Solange, que responde pela Promotoria de Fundações, explicou que, após a finalização de uma auditoria no começo do ano que vem, vai pedir na Justiça o ressarcimento, a partir dos valores apurados nos últimos cinco anos. Até o ano passado, antes da descentralização, as auditorias nas contas de todas as fundações do Paraná eram realizadas em Curitiba, o que acabava atrasando os pareceres das promotorias locais. ''Eu tinha uma ação (judicial) pronta, mas decidi aguardar todas essas prestações de contas, porque a reprovação por parte do MP inviabilizaria a fundação e prejudicaria a oferta dos cursos'', afirmou Solange. Na ação, ela pediria a saída do então superintendente da Funtel, Moisés Betoni, que acabou sendo afastado do cargo em outubro último a pedido de professores da instituição.
A promotora evitou falar em desvio de verba ou em má-fé dos dirigentes da Funtel, mas admitiu que os auditores já apuraram que ''houve gratificações salariais irregulares, dúvidas em relação a gastos com combustíveis e com diárias''. A fundação, que mantém a escola com cursos de eletrônica, eletroeletrônica, informática e construção civil, não tem fins lucrativos.

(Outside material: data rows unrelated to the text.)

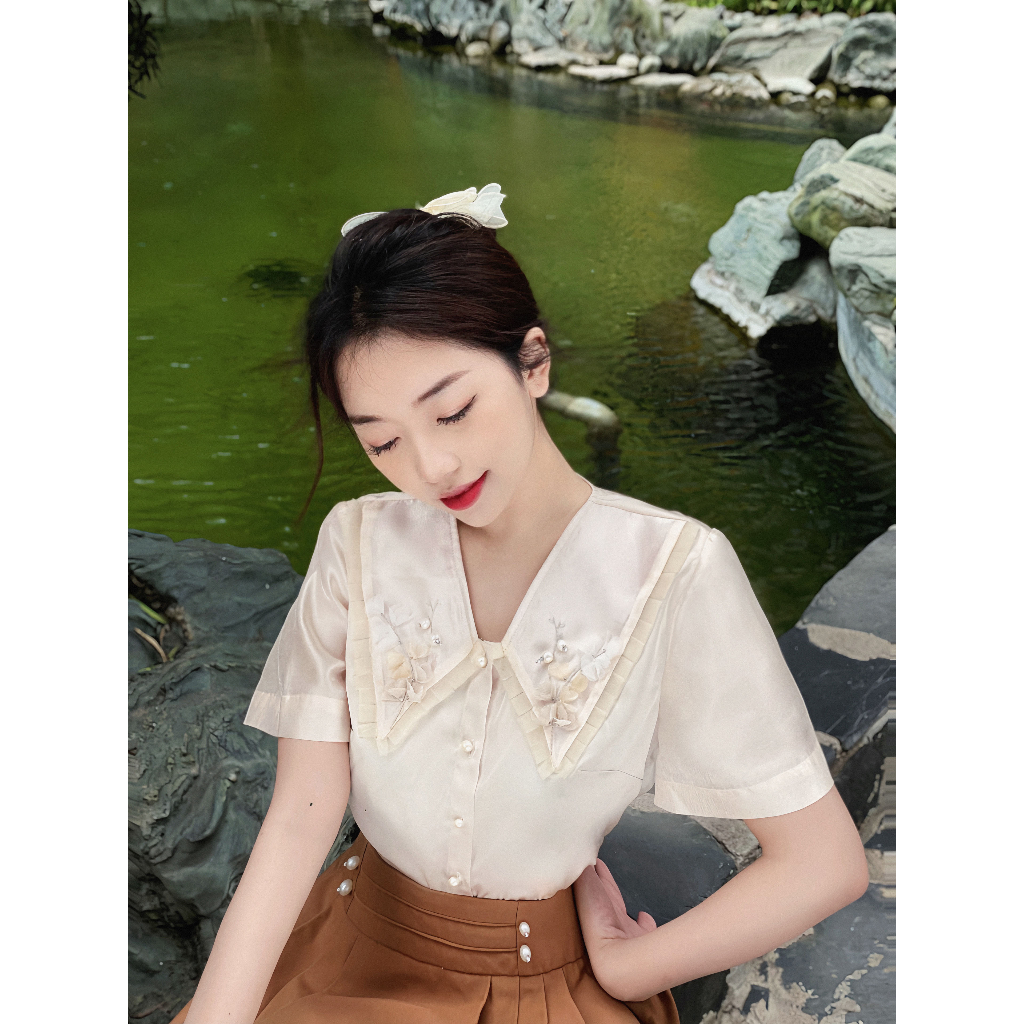 Áo sơ mi công sở thêu hoa màu be by Maysi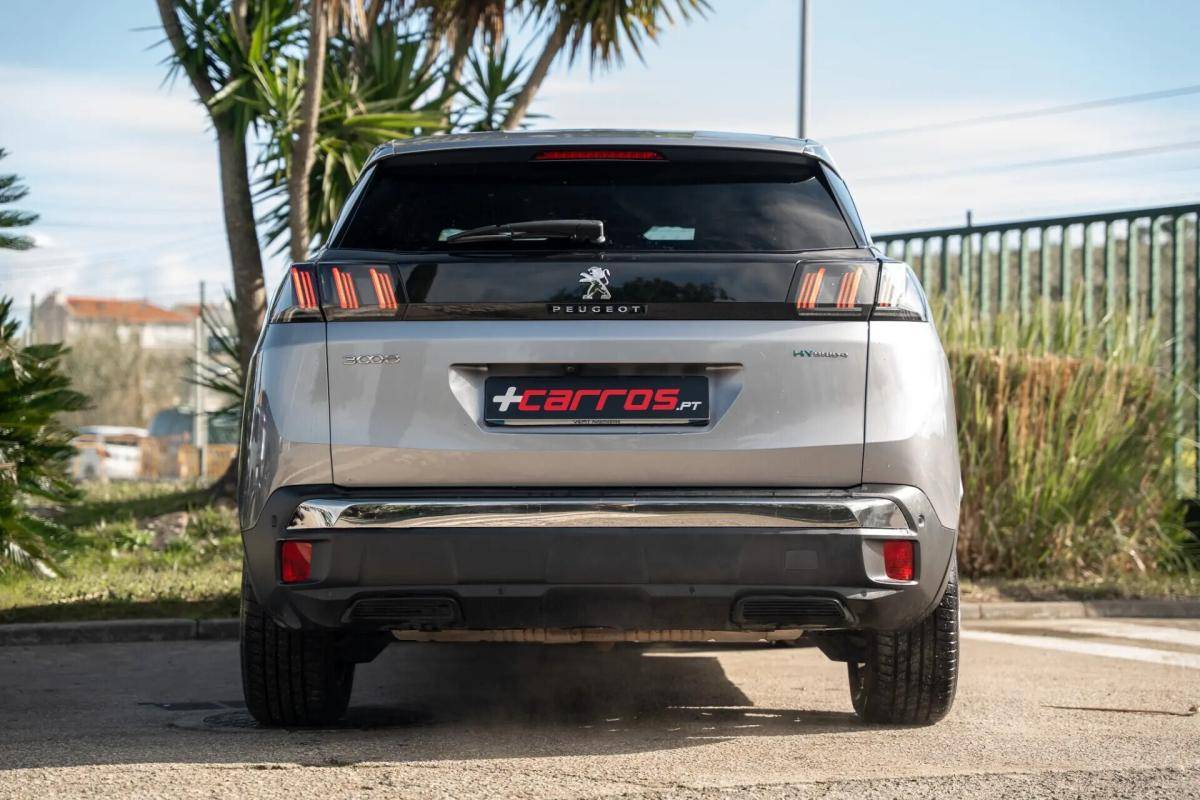 peugeot-3008-2023-hibrido-a-gasolina-1598cc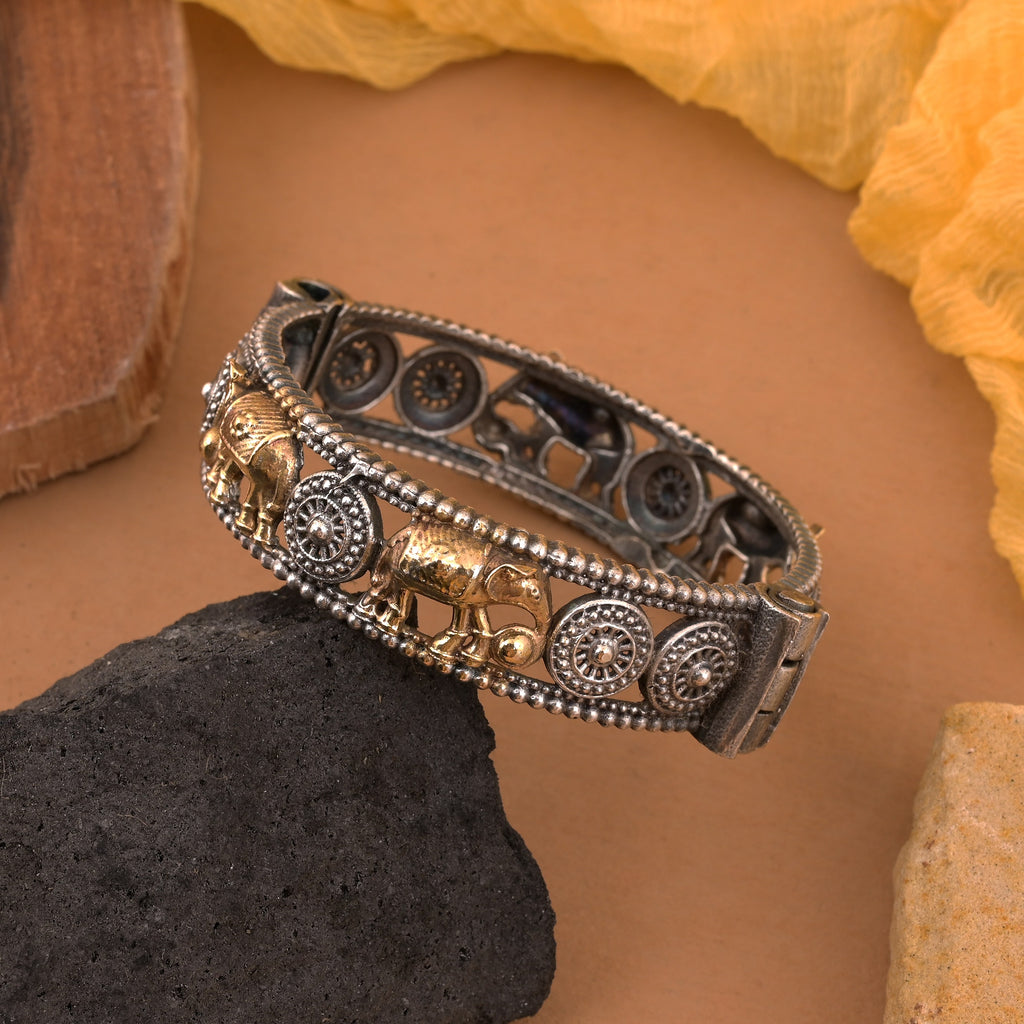 Classic Gold & Silver Color Two Tone Oxidised Openable Bracelet With Artistic Touch - Gold & Silver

Segundo Solange, ''as informações parciais do levantamento são de que algumas irregularidades acabaram se repetindo depois de 2006''.
O atual superintendente da Fundação Tecnológica, Edson Luiz Ferreira de Melo, reconheceu que podem ter ocorrido ''gastos diferentes daqueles que são propostos nos convênios, mas não significa que houve desvio em benefício de alguém''. Ele explicou que os recursos da Funtel vêm basicamente das mensalidades dos alunos e dos convênios firmados com o governo, geralmente federal, para a oferta de cursos na área técnica. ''Nossa receita caiu bastante e chega a R$ 75 mil, mas a folha de pagamento consome quase todo esse recurso. Se surgir um imprevisto, complica para a administração'', disse Melo.
A reportagem tentou, por diversas vezes, falar com o ex-superintendente da Funtel, Moisés Betoni, mas ele não foi localizado.